■ **Input data**:
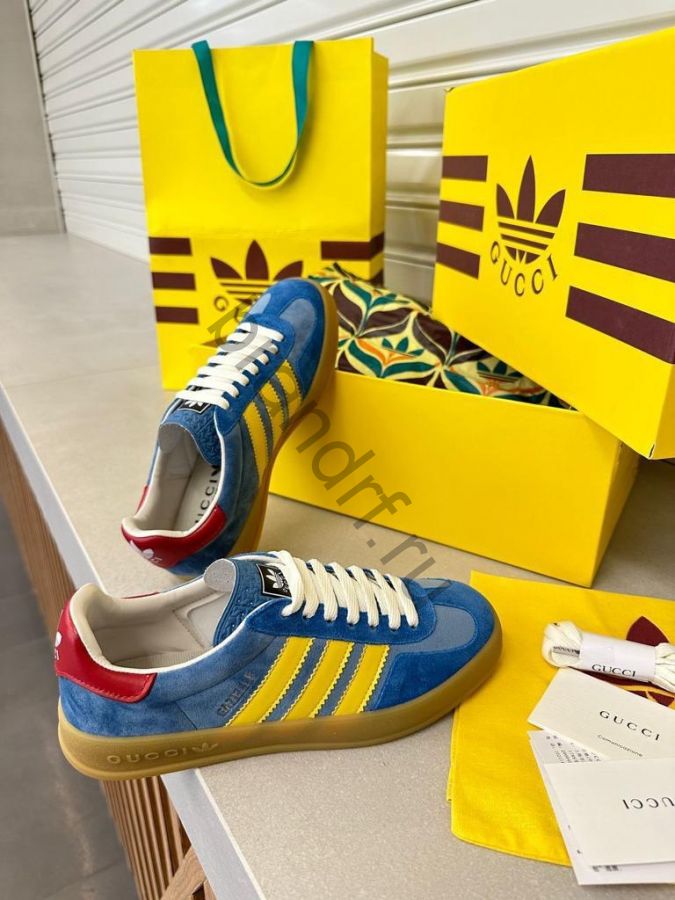 Кроссовки Adidas & Gucci Gazelle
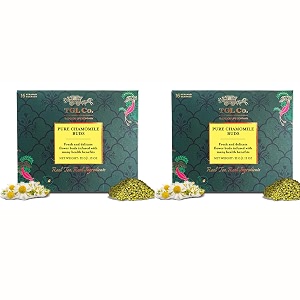 tgl copure chamomile buds herbal tea infusion 16 bags pack of 2rich in anti oxidant  refreshing  no artificial flavor  improve digestion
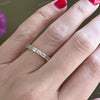 Baguette Cut Full Eternity Wedding Lab Grown Diamond Band - Ring on Hand View
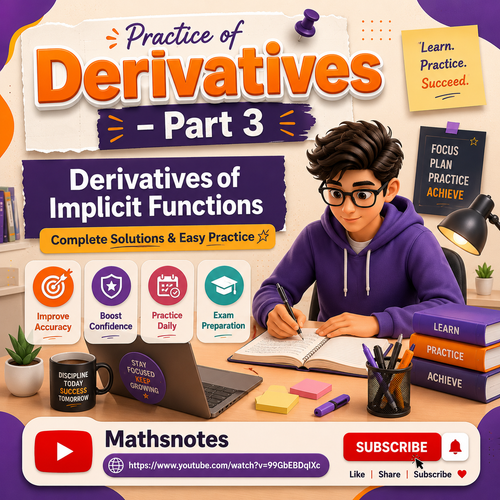 Practice of Derivatives – Part 3 Derivatives of Implicit Functions Complete Solutions.png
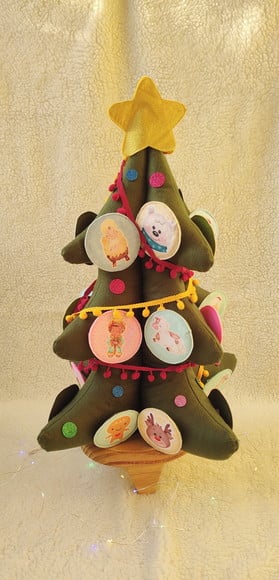 Árvore de Natal de Chão para criança em Feltro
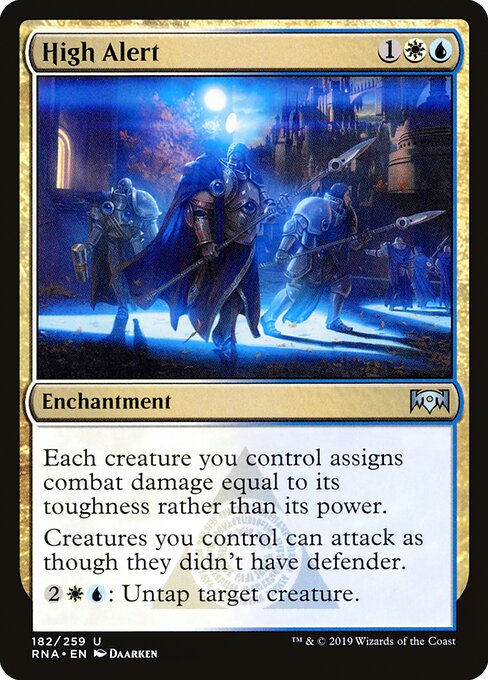 Ravnica Allegiance - 182 - High Alert - Uncommon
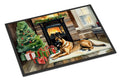 Belgian Malinois Cozy Christmas Doormat Indoor Outdoor 24H X 36W Front Door Mat Rugs for Entryway, Non Slip Washable Low Pile,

■ **What the task requires**:
Every entry above needs to be duplicated precisely, and none of the pictures should appear.

■ **Reply**:
 Кроссовки Adidas & Gucci Gazelle
 tgl copure chamomile buds herbal tea infusion 16 bags pack of 2rich in anti oxidant  refreshing  no artificial flavor  improve digestion
 Baguette Cut Full Eternity Wedding Lab Grown Diamond Band - Ring on Hand View
 Practice of Derivatives – Part 3 Derivatives of Implicit Functions Complete Solutions.png
 Árvore de Natal de Chão para criança em Feltro
 Ravnica Allegiance - 182 - High Alert - Uncommon
 Belgian Malinois Cozy Christmas Doormat Indoor Outdoor 24H X 36W Front Door Mat Rugs for Entryway, Non Slip Washable Low Pile,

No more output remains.